The technology-heavy NASDAQ index has surged to nearly 2050 – up 44% from its low of 21 September, says Rupert Della Porta, head of North American equities at Aberdeen Asset Management. And the markets have further to rise. Della Porta points out that there is a huge pool of liquidity that could potentially be moved back into shares. Some $2.1trn is held in money market funds – this amounts to 21% of the value of the broadest measure of the US stock market.
Since the US Federal Reserve has cut interest rates 11 times this year, returns are now very low on cash investments. “How long do people want to keep money in deposits?” asks Della Porta.
But others are less optimistic about an early market recovery.

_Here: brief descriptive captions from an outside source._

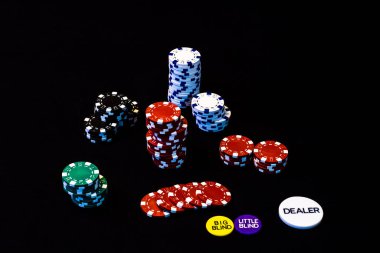 Siyah arkaplanda poker çipleri yığını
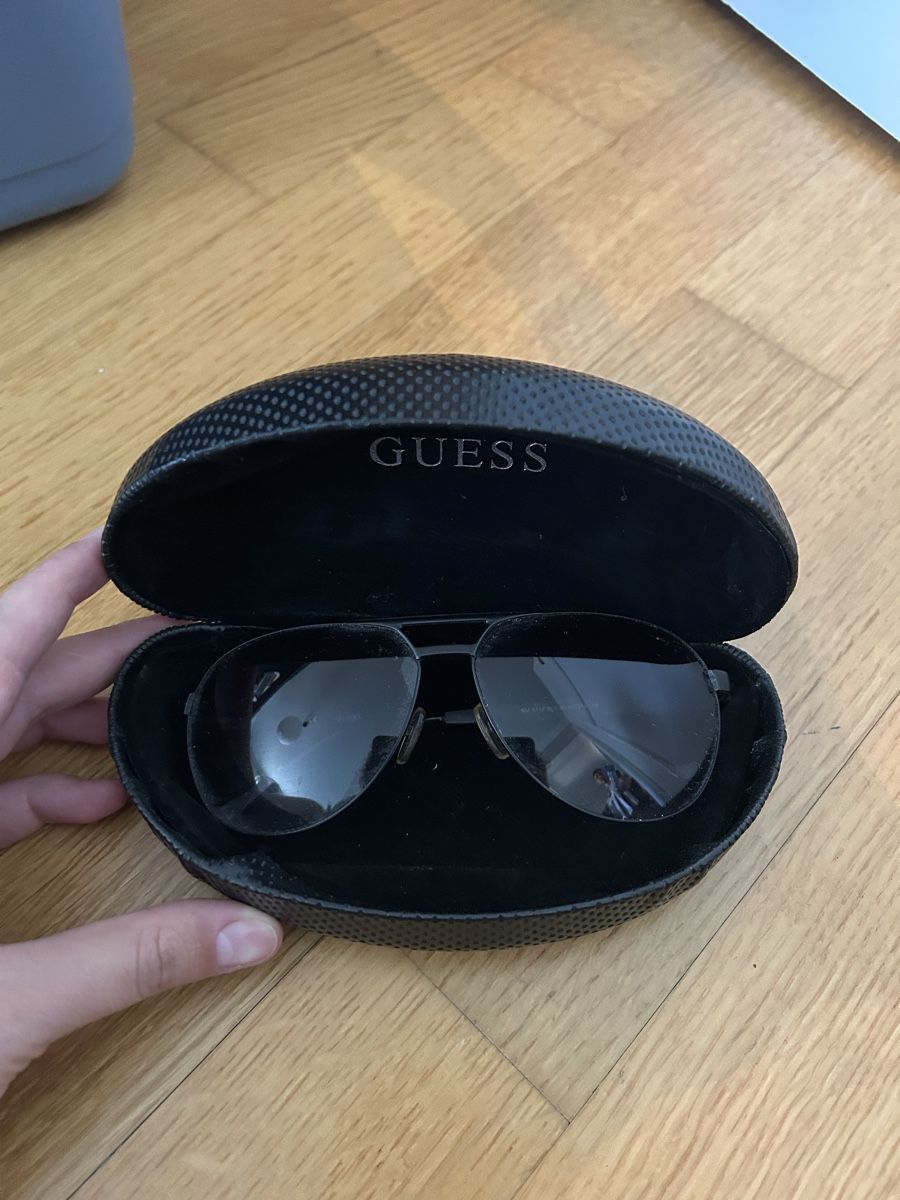 Guess Brillen & Gläser: Guess Sonnenbrille Männer – Gebraucht aus Zürich von fabuulois 1
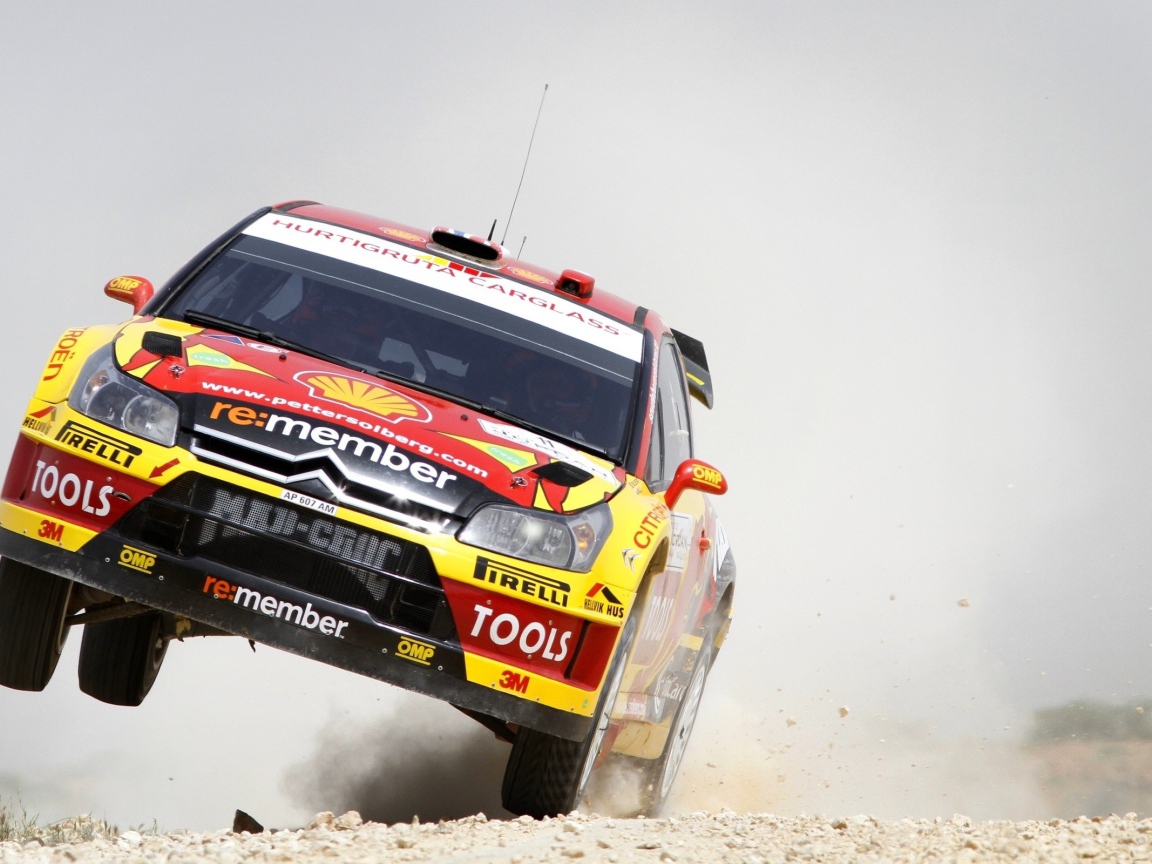 Спортивный автомобиль на двух колесах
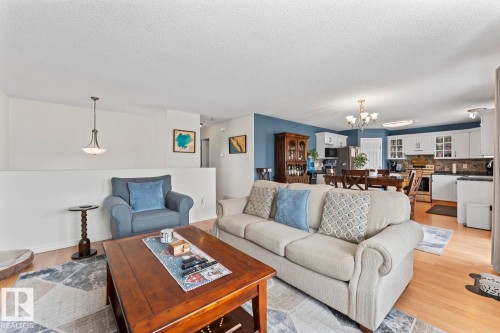 616 20 Street, Cold Lake, AB - Indoor Photo Showing Living Room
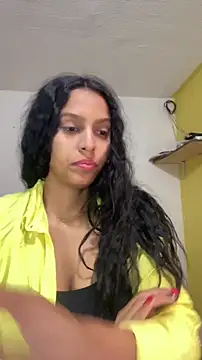 Snapshot of thepicis chatting on December 5, 1:03 am thepicis online show from December 5, 1:03 am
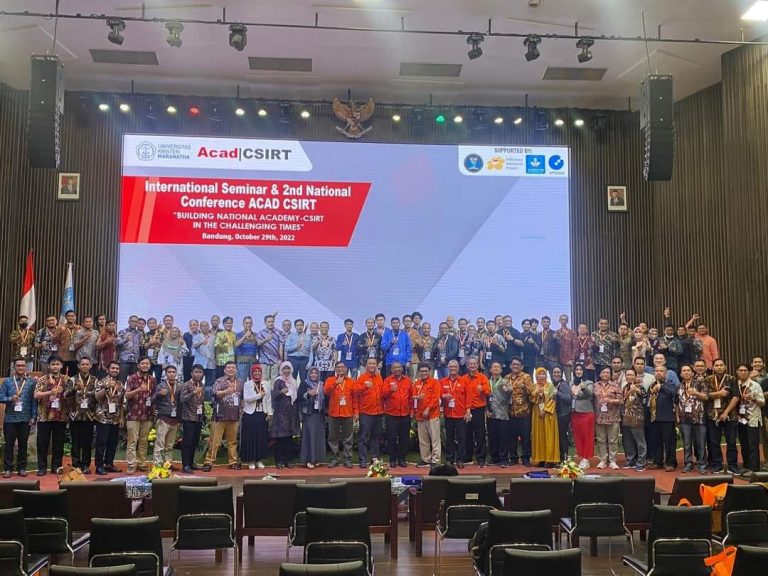 Hadapi Serangan Siber IIQ Jakarta Ikut Serta Seminar Internasional dan Munas II CSIRT Secara Onsite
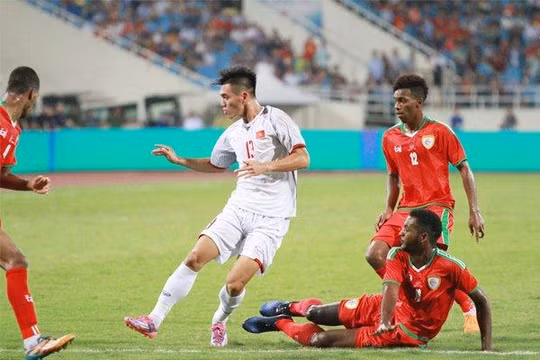 Quang Hải bị VAR và trọng tài từ chối phạt đền một cách khó hiểu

Richard Bernstein, US strategist at Merrill Lynch, says his securities house is relatively cautious on the US stock market for the next six months or so.
“The valuations in the market right now, especially those of lower quality issues, suggest that the market has discounted the next three recoveries,” he says. “We believe the best opportunities in the US today are in higher quality assets, almost regardless of sector.”
Tom McManus, chief investment strategist at Bank of America in New York, is similarly wary. “We’re in the more defensive camp with regard to the recent rally,” he says. There is no confirmation from the economy that it is actually picking up steam.
He dismisses the positive view taking hold in New York, saying it is based on a circular argument. “The argument is that we should use the rally from the September lows as evidence that the economy has bottomed. Then we should use our confidence… as a reason to pay high multiples for stocks,” he says.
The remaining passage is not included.